Sang ibu mendadak bergerak mendekat ke arah Kiran dan berbisik, "Semalam karena mama fokus ke kamu, mama enggak sempat lihat dia dengan benar dan nanya soal dia. Mama enggak nyangka kalau dia Jevan yang dulu di panti asuhan dekat rumah kita. Kiran, mama sampai kaget lihat dia sudah sangat besar dan ganteng begitu. Mama ampe deg-degan lihat dia sekarang. Dia yang bayarin kamar rawat inap semewah ini?"
"Mama lupa? Dia juga yang punya Baven Group, kantor yang udah depak aku!" sambar Kiran dengan galak karena melihat ibunya malah senyum-senyum.
Karena mendadak panik, ia kemudian beranjak dari tempat tidurnya dan langsung lari ke arah wastafel di dalam toilet. Di sana, ia langsung berusaha untuk merapikan penampilannya yang masih awut-awutan dengan cepat.
"Tapi kenapa dia semalam ke rumah kita?" tanya sang ibu yang mengikutinya ke toilet sambil tetap berbisik. "Kiran, apa jangan-jangan dia mau bantu kamu soal kasus pemecatan kamu?"
Sambil menyisir rambutnya yang kusut, Kiran mendadak terdiam. Ia baru ingat soal kedatangan Jevan ke rumahnya semalam yang terasa sangat mengejutkan baginya. Setelah lama tidak melihatnya dengan jelas, malam tadi saat Kiran akhirnya menatap bosnya itu, ia sempat merasa kalau ia melihat aura gelap dan sangat menakutkan menyelimuti diri sang pria. Saking menakutkannya, Kiran sampai jatuh pingsan.

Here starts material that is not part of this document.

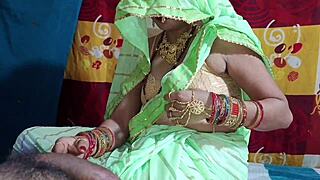 How does a dirty-talking bride make her seal break with such naughty words baby?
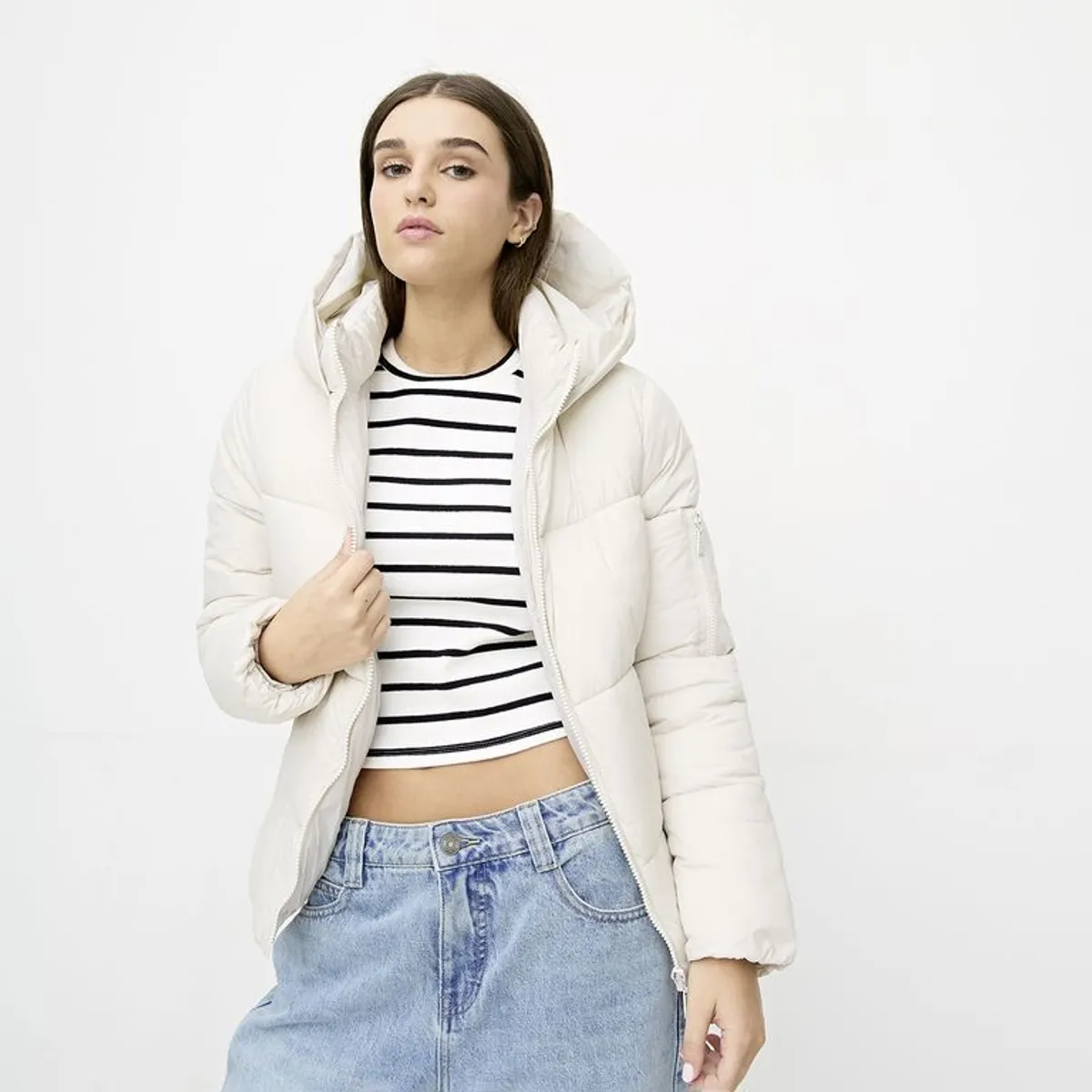 SYBILLA - Casaca Mujer Sybilla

Apa semalam itu halusinasi? Kenapa aku lihat ada bayangan hitam bermata merah yang mengerikan di belakang Jevan? Kiran bertanya-tanya dalam hatinya.
Ia ingat jelas kalau ia juga merasakan hawa sangat dingin yang sampai terasa menusuk ke tulangnya begitu melihat sosok di belakang Jevan tersebut. Sebelum ia pingsan, ia bahkan juga sempat mendengar adanya suara-suara bisikan mantra aneh yang tidak bisa ia pahami.
"Kalau dia enggak datang untuk bicara soal pemecatan kamu, apa mungkin Jevan datang karena ingat soal laporan kamu tentang dia ke polisi dulu?" Sang ibu bertanya lagi dengan ringan. Namun begitu mendengar pertanyaan menggumam ibunya itu, Kiran mendadak bergidik ngeri.
"Ah, tapi enggak mungkin, kan?" sambung ibunya sambil mengibas-ngibaskan tangannya dan tertawa. "Masa dia dendam sampai delapan tahun ke kamu? Enggak mungkin dia sependendam itu."
Ibunya mungkin berusaha untuk menenangkannya, tapi Kiran yang dulu pernah melihat bagaimana Jevan balas dendam ke preman yang melukainya, jelas malah tambah ketakutan.
Benar juga, ujar Kiran dalam hatinya. Enggak ada alasan paling mungkin bagi orang kayak Jevan untuk datang ke rumah aku kalau bukan karena kasus delapan tahun yang lalu. Apa dia udah tahu kalau aku yang laporin dia dulu?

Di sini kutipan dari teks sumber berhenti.